NavigableString（可遍历的字符串）：标签内的字符串，如<p>这是一个段落</p>中的“这是一个段落”，可以通过调用Tag对象的string属性来获取。
Comment（注释）：HTML或XML文档中的注释，如，可以通过调用BeautifulSoup对象的find()或find_all()方法来获取。
BeautifulSoup对象：整个文档的解析树，包含了所有的标签、注释和字符串，可以通过调用BeautifulSoup()函数来创建。
ResultSet（结果集）：由多个Tag对象组成的列表，表示搜索到的所有符合条件的标签，可以通过调用find_all()方法来获取。
CSS选择器：一种用于定位HTML或XML文档中元素的语法，可以通过调用select()方法来实现，其返回值是一个ResultSet对象。
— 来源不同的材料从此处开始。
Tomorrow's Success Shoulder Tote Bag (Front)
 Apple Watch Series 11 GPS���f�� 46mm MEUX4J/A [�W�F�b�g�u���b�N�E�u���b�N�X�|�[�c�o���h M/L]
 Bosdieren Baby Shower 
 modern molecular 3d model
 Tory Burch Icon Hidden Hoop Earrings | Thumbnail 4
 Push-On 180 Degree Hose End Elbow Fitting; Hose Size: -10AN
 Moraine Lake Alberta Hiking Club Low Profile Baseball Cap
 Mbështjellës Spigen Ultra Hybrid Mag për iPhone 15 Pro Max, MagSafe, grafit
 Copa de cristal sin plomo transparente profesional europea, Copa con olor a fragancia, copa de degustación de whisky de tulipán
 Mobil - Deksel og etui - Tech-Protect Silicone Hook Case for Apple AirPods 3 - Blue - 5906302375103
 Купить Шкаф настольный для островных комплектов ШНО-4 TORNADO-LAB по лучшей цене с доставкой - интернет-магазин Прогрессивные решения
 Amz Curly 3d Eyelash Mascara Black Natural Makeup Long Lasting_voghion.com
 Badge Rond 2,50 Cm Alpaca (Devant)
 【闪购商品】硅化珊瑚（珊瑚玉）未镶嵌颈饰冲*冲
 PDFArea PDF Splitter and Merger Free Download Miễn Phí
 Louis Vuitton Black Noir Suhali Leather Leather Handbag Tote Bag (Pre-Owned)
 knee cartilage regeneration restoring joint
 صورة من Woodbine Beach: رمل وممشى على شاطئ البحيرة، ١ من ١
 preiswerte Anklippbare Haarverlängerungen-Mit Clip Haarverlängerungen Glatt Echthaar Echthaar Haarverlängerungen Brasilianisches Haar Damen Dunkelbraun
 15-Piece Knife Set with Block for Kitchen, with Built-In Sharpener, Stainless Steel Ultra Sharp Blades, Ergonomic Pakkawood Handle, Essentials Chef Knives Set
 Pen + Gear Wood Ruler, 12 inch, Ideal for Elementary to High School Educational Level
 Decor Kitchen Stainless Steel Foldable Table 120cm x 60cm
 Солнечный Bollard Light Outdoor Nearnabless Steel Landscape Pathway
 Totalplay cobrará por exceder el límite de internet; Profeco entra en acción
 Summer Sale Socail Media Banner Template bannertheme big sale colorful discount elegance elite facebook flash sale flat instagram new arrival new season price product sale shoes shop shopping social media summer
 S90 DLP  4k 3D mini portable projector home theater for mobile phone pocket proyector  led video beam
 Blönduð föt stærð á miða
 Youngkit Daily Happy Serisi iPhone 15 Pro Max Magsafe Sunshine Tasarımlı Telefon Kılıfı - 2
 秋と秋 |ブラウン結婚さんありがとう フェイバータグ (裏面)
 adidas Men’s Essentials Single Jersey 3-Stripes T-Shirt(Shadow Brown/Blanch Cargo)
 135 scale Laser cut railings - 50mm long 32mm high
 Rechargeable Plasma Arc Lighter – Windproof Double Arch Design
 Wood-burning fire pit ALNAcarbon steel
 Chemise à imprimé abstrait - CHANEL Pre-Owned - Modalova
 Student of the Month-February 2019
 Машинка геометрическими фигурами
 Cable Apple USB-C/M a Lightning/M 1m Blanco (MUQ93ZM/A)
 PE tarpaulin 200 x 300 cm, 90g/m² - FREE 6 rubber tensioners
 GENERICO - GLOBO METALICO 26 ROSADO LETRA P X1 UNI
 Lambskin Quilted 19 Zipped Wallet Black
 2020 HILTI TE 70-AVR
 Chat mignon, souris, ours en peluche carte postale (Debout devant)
2、使用find/find_all函数查找所需的标签元素

在查找标签元素前我们需要了解一些HTML的标签元素含义：

<html>：定义HTML文档的根元素。
<head>：定义文档头部，包含了文档的元数据，如标题、样式、脚本等。
<title>：定义文档的标题，通常显示在浏览器的标题栏中。
<body>：定义文档的主体部分，包含了网页中的所有内容。
<h1>-<h6>：定义标题，用于标识不同级别的标题。
<p>：定义段落，用于分段显示文本内容。
<a>：定义超链接，用于链接到其他页面或文档。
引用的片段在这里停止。